Befristeter Mietvertrag mit den Maroniten – Platz für 60 Asylbewerber Stadt bringt Flüchtlinge im Haus Maria unter

Warburg (thö). Ins Haus Maria am Heinberg sind jetzt die ersten fünf Flüchtlinge eingezogen. Die Stadt hat das frühere Kloster von der Maronitenmission gemietet, und zwar so lange, bis der Umbau der Unterkunft in der ehemaligen Dösseler Kaserne abgeschlossen ist. Dort erweitert die Stadt derzeit für 900 000 Euro die Aufnahmekapazitäten.

Haus Maria war erst Alterssitz der Serviam-Schwestern, dann maronitisches Kloster und soll jetzt übergangsweise Flüchtlingsunterkunft werden. Es bietet 60 Plätze.
Haus Maria war erst Alterssitz der Serviam-Schwestern, dann maronitisches Kloster und soll jetzt übergangsweise Flüchtlingsunterkunft werden. Es bietet 60 Plätze. Foto: Christian Geschke

Er habe den Mietvertrag unterzeichnet, sagte gestern Warburgs 1. Beigeordneter Klaus Braun auf Anfrage. Er betont auch, dass die Anmietung von Haus Maria nur als Übergangslösung gedacht ist. Eine dauerhafte Flüchtlingsunterbringung sei nicht geplant, weil der energetische Zustand des Gebäudes, das einst Alterssitz der Germeter Serviam-Schwestern war, nicht optimal sei.

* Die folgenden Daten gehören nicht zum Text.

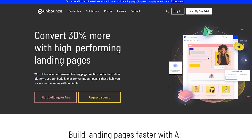To start things off, please make sure to check the link down in the description below, because using that link you can come straight to the Unbounce signup page, and from there they'll bring you to the pricing where you can see all the plans related to Unbounce.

Die Stadt plant, in dem früheren Maronitenkloster bis zu 60 Flüchtlinge unterzubringen. Die ersten fünf sind am vergangenen Freitag nach dem Brand in der Unterkunft an der Kuhlemühle eingezogen. Bevor weitere kommen, müssen noch einige Umbauarbeiten vorgenommen werden. Unter anderem müssen Küchen eingerichtet und sanitäre Anlagen umgebaut werden.

Die Maroniten waren seit 2011 in Warburg ansässig. Sie haben Haus Maria seinerzeit von den Serviam-Schwestern als Spende bekommen. Die Kongregation wollte das Haus zu einem pastoralen Zentrum für die rund 8000 verstreut in Deutschland lebenden Angehörigen der maronitischen Kirche ausbauen. Bis zu fünf Priester lebten dort.

Bis auf Pater Roger Abdel Massih sind mittlerweile alle nach Frankfurt umgezogen. Massih ist als Seelsorger im Pastoralverbund Warburg tätig und wohnt jetzt im Pfarrhaus in Welda. Haus Maria musste die aus dem Libanon stammende Gemeinschaft aufgeben, weil die Unterhaltung zu teuer geworden war.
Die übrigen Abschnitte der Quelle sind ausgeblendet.